Ambisius sebenarnya adalah sifat positif jika mampu untuk dikendalikan sehingga menjadikan pribadi seseorang semangat dalam menggapai apa yang menjadi goal atau tujuannya. Namun akan menjadi sifat yang merugikan dirinya tatkala sudah ditunggangi oleh hawa nafsu, sehingga akan menjadikan pribadi seorang insan yang tamak. Sifat ini sudah diwanti-wanti oleh Rasulullah SAW kepada para sahabatnya 1400 tahun silam. Dari Ibnu ‘Abbas bin Sahl bin Sa’ad, ia berkata bahwa ia pernah mendengar Ibnu Al-Zubair berkata di Makkah di atas mimbar saat khutbah.
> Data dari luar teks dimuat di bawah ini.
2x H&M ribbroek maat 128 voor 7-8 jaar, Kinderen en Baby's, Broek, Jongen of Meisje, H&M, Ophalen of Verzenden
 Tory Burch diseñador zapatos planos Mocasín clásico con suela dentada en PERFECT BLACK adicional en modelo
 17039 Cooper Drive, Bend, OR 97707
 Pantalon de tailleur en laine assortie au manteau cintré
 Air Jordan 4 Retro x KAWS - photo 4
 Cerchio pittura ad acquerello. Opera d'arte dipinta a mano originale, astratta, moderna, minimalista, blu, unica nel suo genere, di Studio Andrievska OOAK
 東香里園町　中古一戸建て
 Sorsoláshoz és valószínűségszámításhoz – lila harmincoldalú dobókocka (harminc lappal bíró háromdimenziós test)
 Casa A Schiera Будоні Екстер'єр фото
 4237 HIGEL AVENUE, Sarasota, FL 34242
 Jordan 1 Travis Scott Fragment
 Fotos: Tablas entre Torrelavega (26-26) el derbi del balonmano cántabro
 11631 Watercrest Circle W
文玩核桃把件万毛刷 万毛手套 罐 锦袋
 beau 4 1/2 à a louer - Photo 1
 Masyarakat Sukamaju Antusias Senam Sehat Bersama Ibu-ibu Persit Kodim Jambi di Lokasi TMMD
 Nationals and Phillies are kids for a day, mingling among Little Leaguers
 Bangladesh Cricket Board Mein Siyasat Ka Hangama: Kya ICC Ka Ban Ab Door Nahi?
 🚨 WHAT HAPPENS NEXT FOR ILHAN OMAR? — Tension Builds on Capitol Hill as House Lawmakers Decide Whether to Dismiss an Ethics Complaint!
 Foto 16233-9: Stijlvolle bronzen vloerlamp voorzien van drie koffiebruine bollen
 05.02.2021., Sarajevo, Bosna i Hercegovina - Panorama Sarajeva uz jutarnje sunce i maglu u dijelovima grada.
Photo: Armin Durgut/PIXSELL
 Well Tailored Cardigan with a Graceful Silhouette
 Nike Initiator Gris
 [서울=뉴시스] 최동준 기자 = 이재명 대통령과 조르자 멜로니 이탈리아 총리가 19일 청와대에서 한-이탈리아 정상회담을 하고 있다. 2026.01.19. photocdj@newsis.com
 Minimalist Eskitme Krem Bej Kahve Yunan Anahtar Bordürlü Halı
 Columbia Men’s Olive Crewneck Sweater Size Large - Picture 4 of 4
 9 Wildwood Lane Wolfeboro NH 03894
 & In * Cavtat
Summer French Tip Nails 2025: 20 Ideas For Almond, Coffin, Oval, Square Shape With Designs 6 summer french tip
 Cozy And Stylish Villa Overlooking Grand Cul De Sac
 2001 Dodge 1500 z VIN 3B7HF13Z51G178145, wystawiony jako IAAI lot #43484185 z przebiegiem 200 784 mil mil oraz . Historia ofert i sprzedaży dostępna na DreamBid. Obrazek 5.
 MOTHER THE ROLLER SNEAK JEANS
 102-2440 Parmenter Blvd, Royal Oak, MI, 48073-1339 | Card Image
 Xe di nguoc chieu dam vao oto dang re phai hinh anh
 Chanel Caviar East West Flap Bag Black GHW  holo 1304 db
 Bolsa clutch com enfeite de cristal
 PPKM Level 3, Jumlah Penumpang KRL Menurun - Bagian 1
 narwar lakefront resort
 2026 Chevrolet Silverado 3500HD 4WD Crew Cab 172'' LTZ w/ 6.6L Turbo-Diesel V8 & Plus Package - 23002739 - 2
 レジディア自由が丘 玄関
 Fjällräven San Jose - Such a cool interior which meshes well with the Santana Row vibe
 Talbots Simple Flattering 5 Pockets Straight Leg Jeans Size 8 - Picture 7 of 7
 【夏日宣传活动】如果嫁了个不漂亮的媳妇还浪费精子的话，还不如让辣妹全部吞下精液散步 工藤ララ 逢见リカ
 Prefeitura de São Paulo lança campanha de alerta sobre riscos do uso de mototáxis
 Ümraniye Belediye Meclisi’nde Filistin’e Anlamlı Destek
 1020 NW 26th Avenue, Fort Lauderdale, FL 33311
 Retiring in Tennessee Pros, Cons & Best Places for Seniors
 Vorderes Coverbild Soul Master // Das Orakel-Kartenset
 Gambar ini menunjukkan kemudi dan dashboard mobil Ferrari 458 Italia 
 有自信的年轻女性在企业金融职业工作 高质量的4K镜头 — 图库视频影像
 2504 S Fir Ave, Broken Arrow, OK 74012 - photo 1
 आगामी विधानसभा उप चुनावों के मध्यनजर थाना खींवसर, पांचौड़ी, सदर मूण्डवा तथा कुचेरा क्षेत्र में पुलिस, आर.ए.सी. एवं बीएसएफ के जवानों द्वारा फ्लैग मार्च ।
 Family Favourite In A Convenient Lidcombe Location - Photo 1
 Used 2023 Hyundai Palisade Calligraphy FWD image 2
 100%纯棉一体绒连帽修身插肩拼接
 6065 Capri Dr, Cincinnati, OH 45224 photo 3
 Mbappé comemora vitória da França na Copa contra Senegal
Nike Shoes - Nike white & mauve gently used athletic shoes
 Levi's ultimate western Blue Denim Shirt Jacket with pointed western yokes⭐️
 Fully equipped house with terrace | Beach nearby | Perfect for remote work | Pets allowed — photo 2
“Wahai sekalian manusia, sesungguhnya Nabi shallallahu ‘alaihi wa sallam bersabda: Seandainya manusia diberi satu lembah penuh dengan emas, ia tentu ingin lagi yang kedua. Jika ia diberi yang kedua, ia ingin lagi yang ketiga. Tidak ada yang bisa menghalangi isi perutnya selain tanah. Dan Allah Maha Menerima taubat siapa saja yang mau bertaubat.” (HR. Bukhari nomor 6.438).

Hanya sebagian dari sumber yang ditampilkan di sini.